(Collection entries)
------------------------

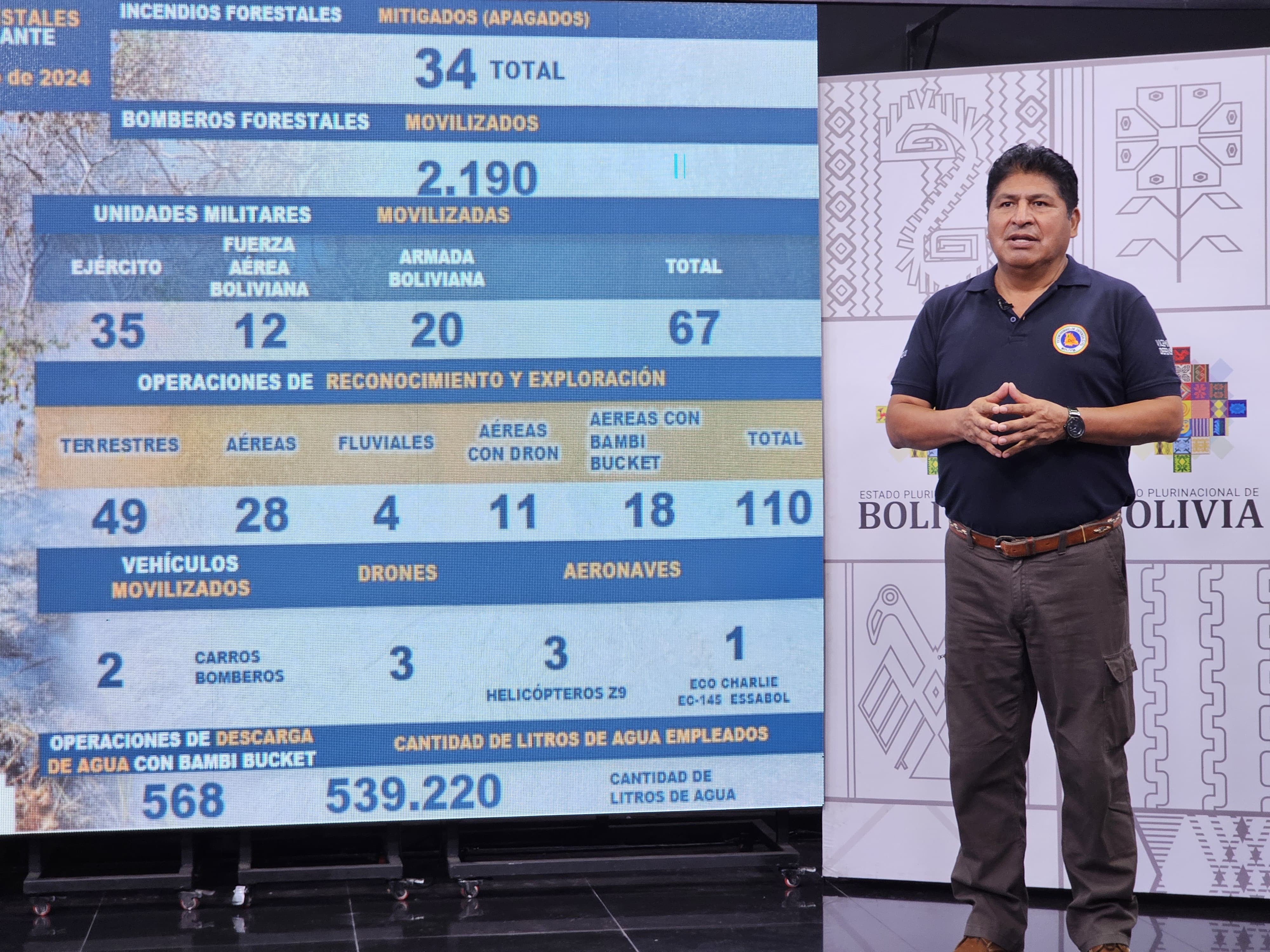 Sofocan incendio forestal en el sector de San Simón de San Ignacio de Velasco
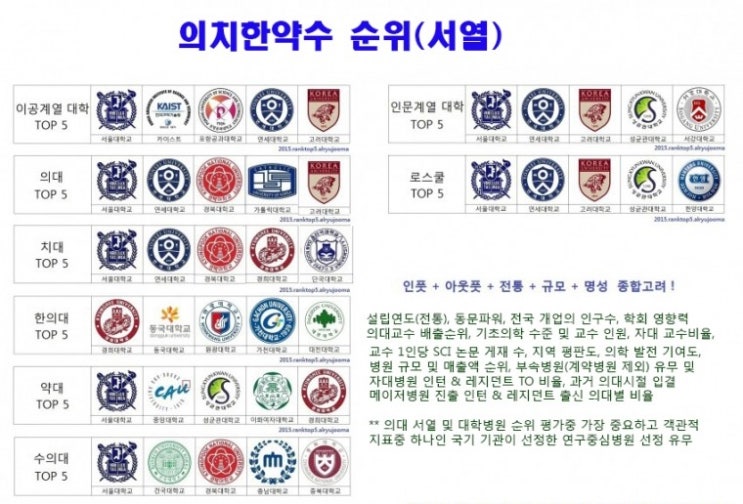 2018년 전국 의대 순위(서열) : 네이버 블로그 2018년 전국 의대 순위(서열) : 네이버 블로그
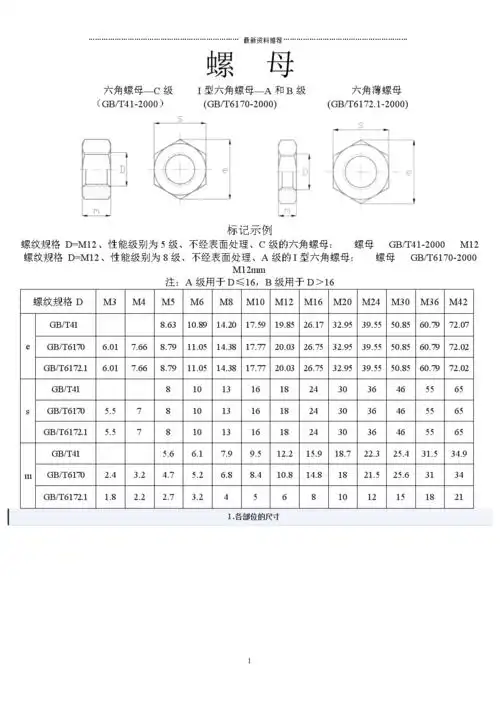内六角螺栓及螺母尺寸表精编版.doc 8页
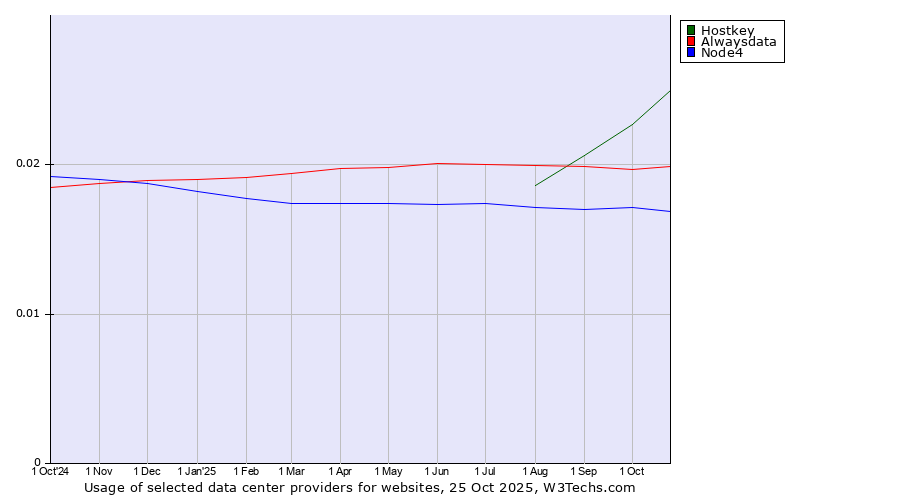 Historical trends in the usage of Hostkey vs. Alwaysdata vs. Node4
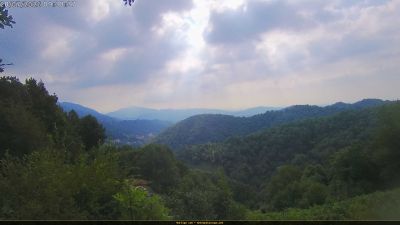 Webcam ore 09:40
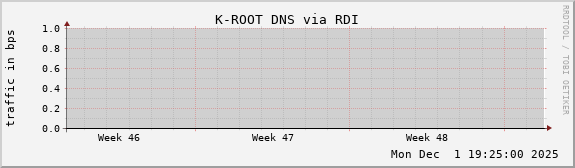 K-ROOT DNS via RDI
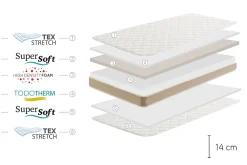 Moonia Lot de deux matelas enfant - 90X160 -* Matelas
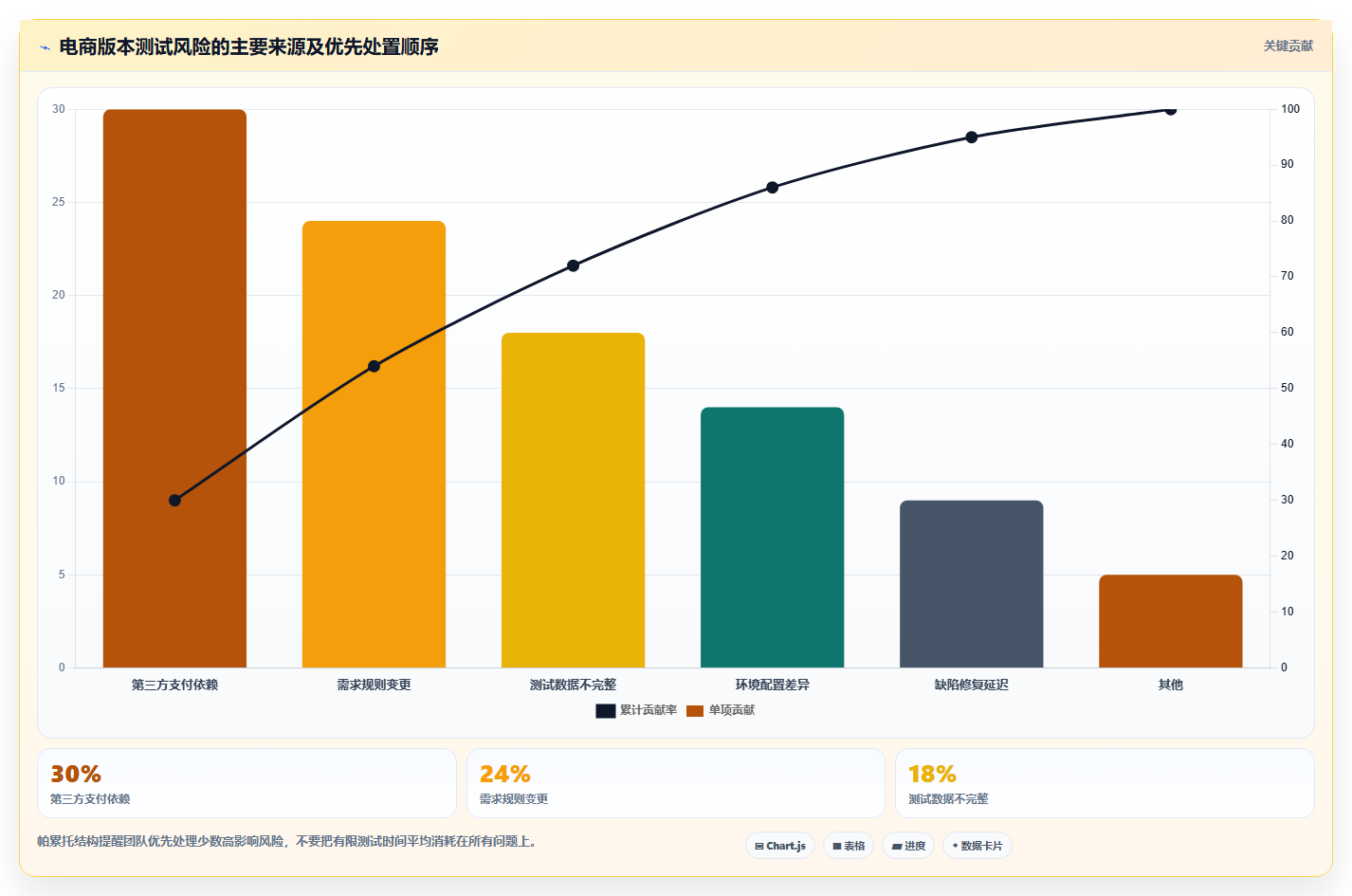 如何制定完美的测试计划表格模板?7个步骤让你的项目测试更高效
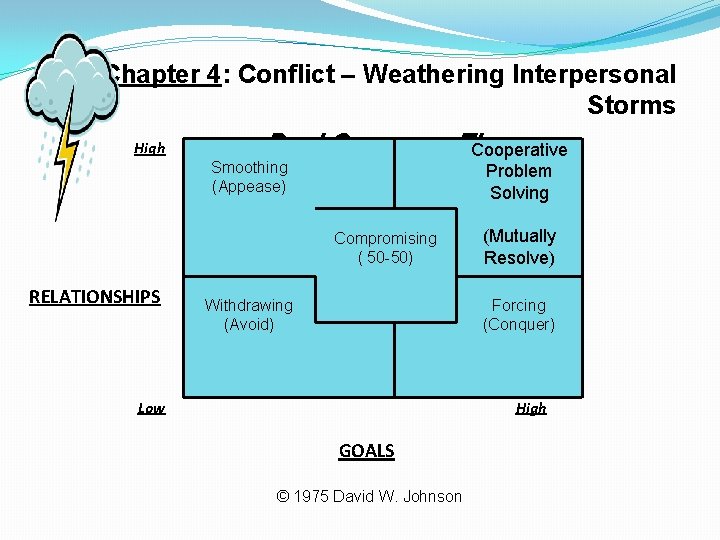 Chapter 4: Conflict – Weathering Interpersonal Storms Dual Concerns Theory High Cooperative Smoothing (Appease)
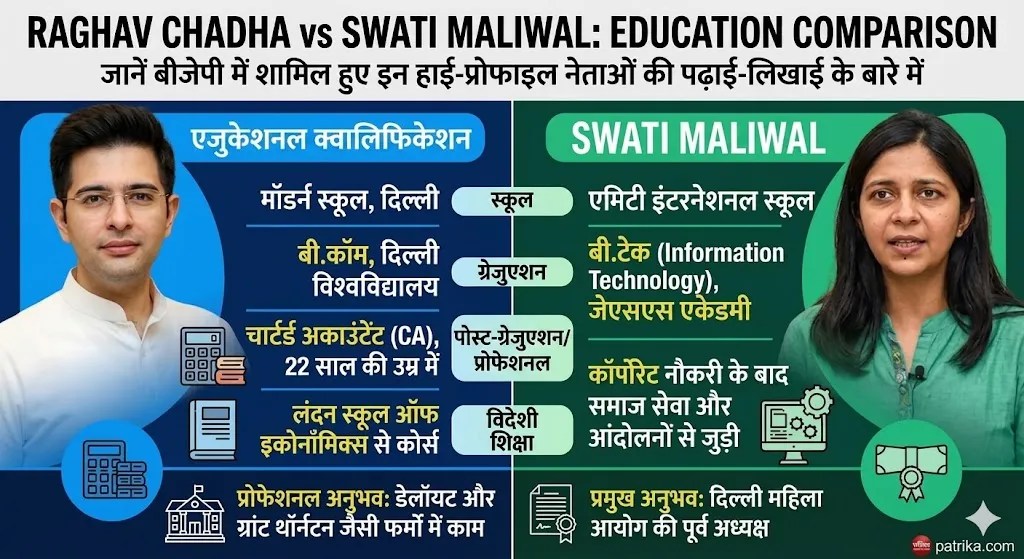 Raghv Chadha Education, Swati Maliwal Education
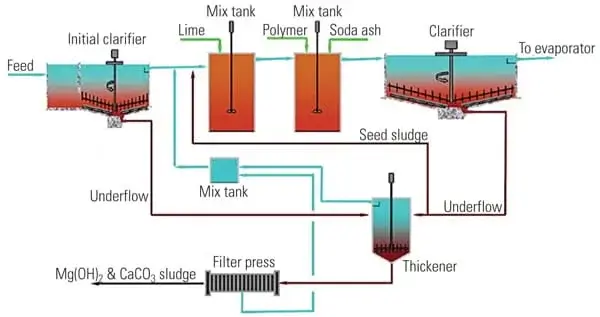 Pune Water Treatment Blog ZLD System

------------------------

## [Problem requirements]
Repeat each entry exactly as given; no pictures belong in the copy.

## [Response below]
 Sofocan incendio forestal en el sector de San Simón de San Ignacio de Velasco
 2018년 전국 의대 순위(서열) : 네이버 블로그 2018년 전국 의대 순위(서열) : 네이버 블로그
内六角螺栓及螺母尺寸表精编版.doc 8页
 Historical trends in the usage of Hostkey vs. Alwaysdata vs. Node4
 Webcam ore 09:40
 K-ROOT DNS via RDI
 Moonia Lot de deux matelas enfant - 90X160 -* Matelas
 如何制定完美的测试计划表格模板?7个步骤让你的项目测试更高效
 Chapter 4: Conflict – Weathering Interpersonal Storms Dual Concerns Theory High Cooperative Smoothing (Appease)
 Raghv Chadha Education, Swati Maliwal Education
 Pune Water Treatment Blog ZLD System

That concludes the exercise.